1. All show, No go, Neglected to train. How do I look? Selfie culture, ad infinitum. A common affliction seen at both fund raiser road races and triathlons. Makes spectating fun, in a perverted sort of way. ( Noted as an OG physiologist who ‘s been there, done that). Funnnnny !

  2. When I first opened this post, I only saw the top half of the comic. Before I scrolled down, I was expecting that the missing items would turn out to be his(?†) “feet”. Either way, the joke does indeed require suspension of biological beliefs, but anatomy‡ was never this artist’s strong subject.

    P.S. † – In the question below the comic, I assume that the singular plural “they” refers to the puzzled individual of indeterminate gender.
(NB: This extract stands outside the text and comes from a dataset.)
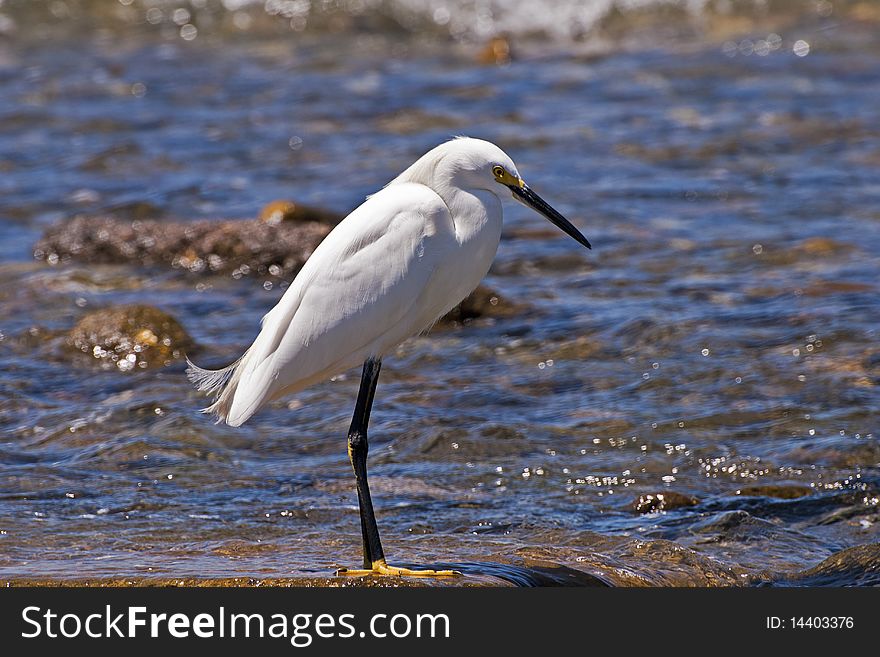 White Egret Standing In Shallow Water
There just aren’t any conclusive details, but that generally indicates “male”.

    P.P.S. ‡ – Zaehringer is the only person I know who draws athletes (even professional ones) whose circumference appears to be more than double their height.

    P.P.P.S. Translated literally from German, his name would mean “tough wrestler“.

  3. I hadn’t realized that the author/artist had changed 4 years ago. I didn’t know who Kilby was talking about and was surprised when a search led me back to “In The Bleachers”.

  4. Yes, news to me as well.

    From Wikipedia :

    Publication history
    The single-panel cartoon appears in about 200 newspapers worldwide, including the Washington Post. Moore got the idea for In the Bleachers while working as sports editor at The Maui News. The comic was launched in September 1985, shortly after Moore was hired as an editor at the Los Angeles Times.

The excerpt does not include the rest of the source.